• [The data]:
──────────────────────────────
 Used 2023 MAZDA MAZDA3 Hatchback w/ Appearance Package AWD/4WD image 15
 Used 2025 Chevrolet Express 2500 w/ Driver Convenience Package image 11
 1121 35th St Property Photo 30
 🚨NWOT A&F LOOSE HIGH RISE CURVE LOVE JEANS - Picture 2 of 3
──────────────────────────────
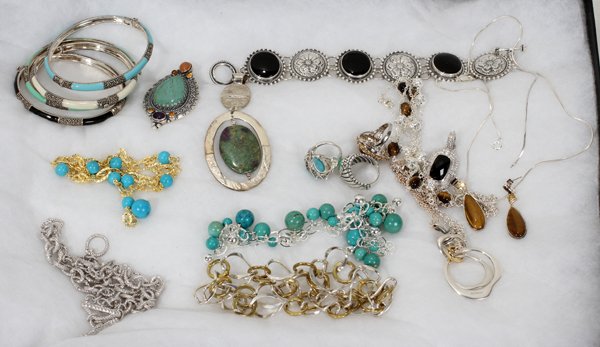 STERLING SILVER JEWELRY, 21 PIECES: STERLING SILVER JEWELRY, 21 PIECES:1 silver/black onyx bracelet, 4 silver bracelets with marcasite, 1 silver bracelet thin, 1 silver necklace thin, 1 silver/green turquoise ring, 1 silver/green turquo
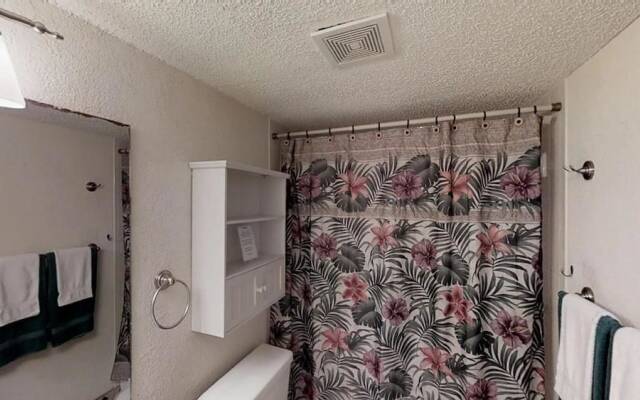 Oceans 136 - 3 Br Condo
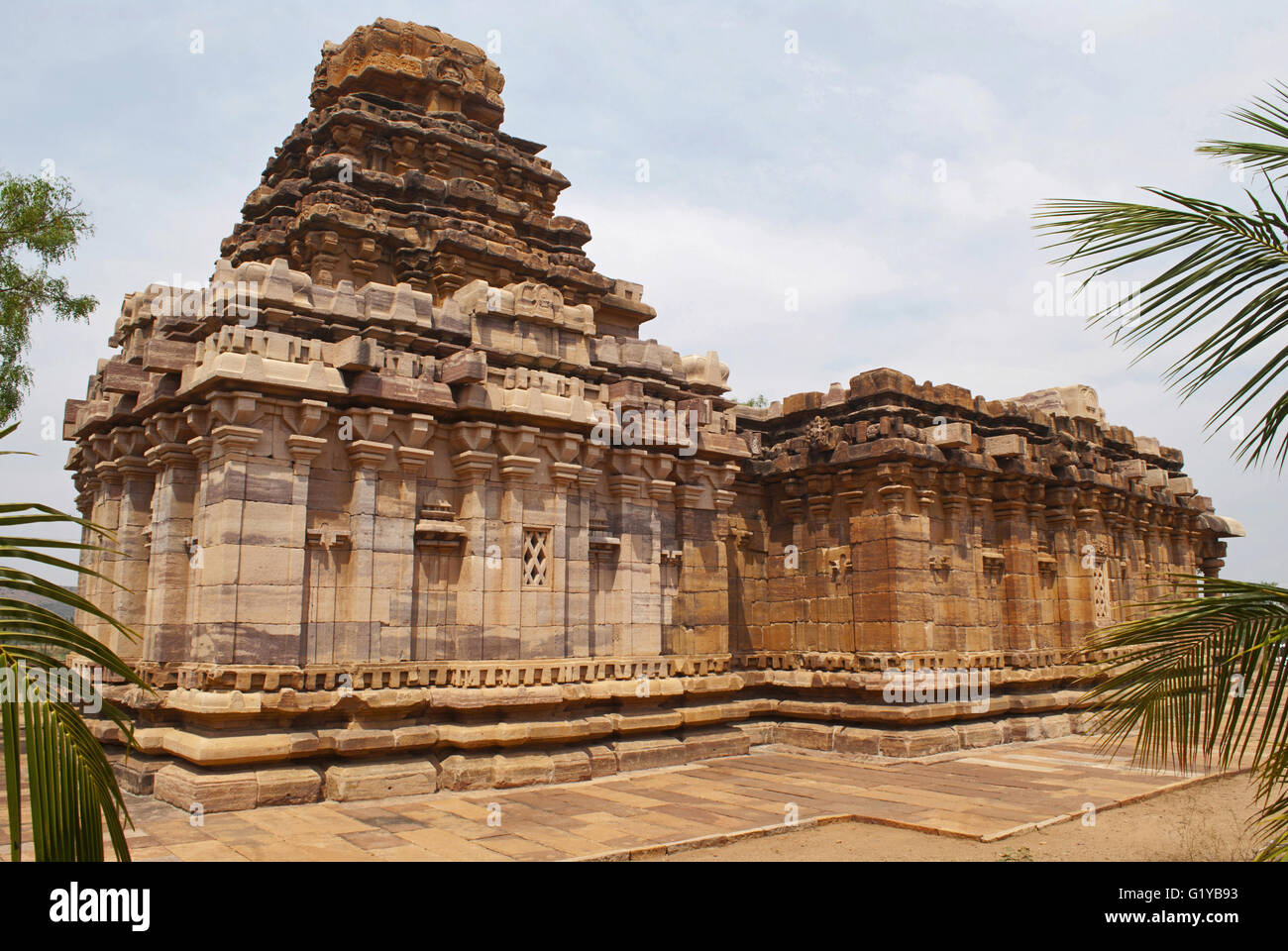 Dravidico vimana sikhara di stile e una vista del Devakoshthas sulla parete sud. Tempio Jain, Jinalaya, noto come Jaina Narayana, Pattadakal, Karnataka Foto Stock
──────────────────────────────
• [Exercise description]: Above are the lines; repeat exactly the ones from the line containing "Used 2025 Chevrolet" down to the line containing "Picture 2 of 3", both inclusive.

• [Result of this task]:
 Used 2025 Chevrolet Express 2500 w/ Driver Convenience Package image 11
 1121 35th St Property Photo 30
 🚨NWOT A&F LOOSE HIGH RISE CURVE LOVE JEANS - Picture 2 of 3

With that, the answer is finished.